* EXERCISE AIM *
Apart from the pictures, every line below needs to be reproduced verbatim.

* PROVIDED DATA *
+-------+
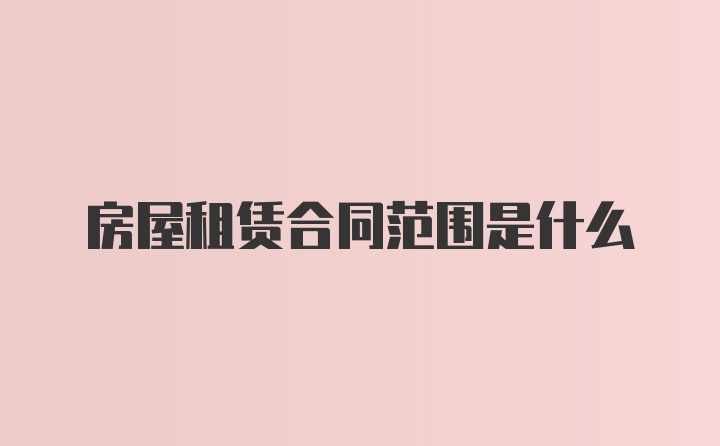 房屋租赁合同范围是什么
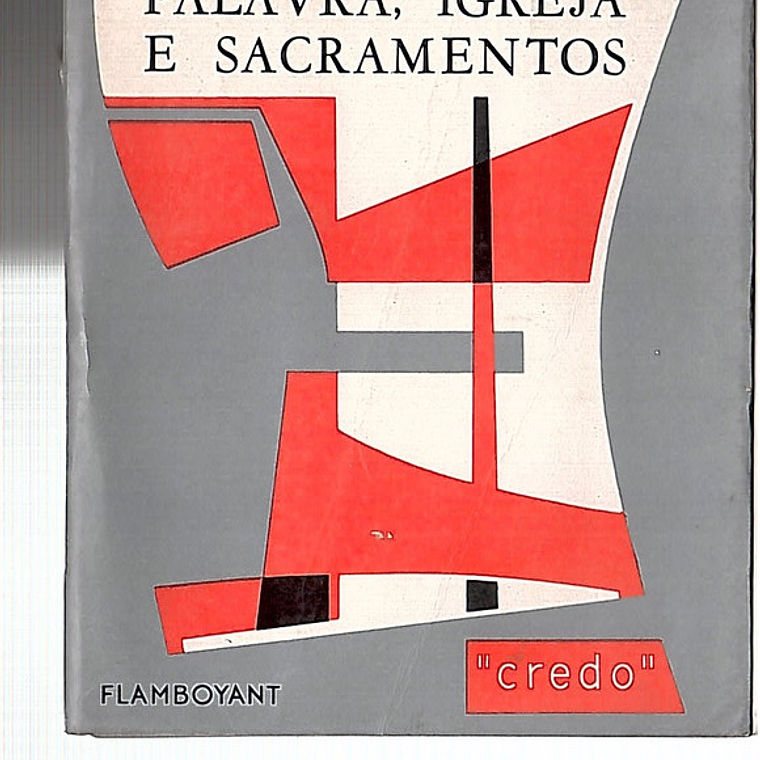 Palavra, Igreja e sacramentos 1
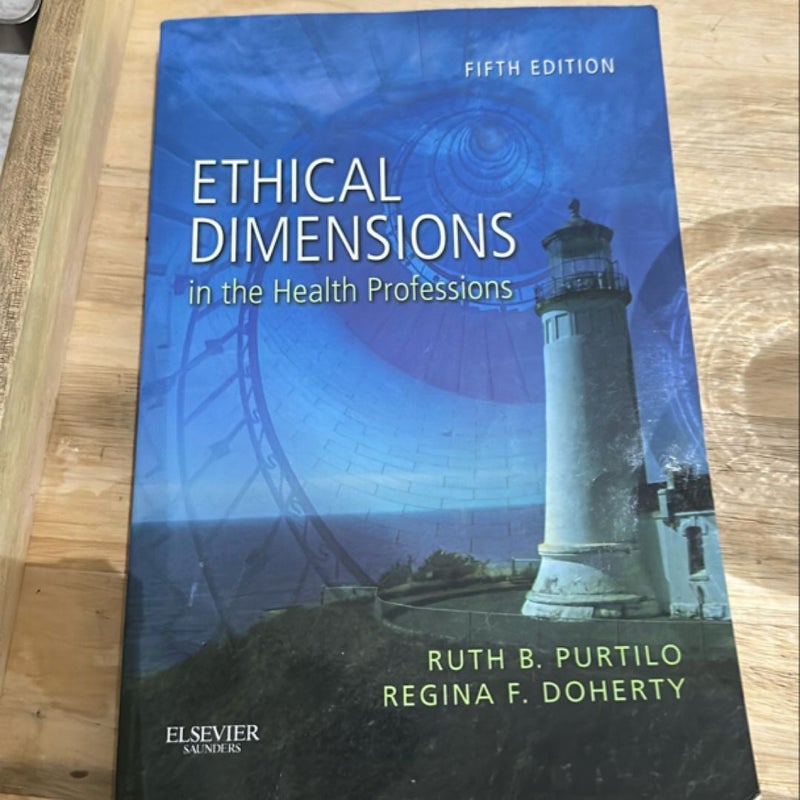 Ethical Dimensions in the Health Professions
+-------+
* RESPONSE BOX *
 房屋租赁合同范围是什么
 Palavra, Igreja e sacramentos 1
 Ethical Dimensions in the Health Professions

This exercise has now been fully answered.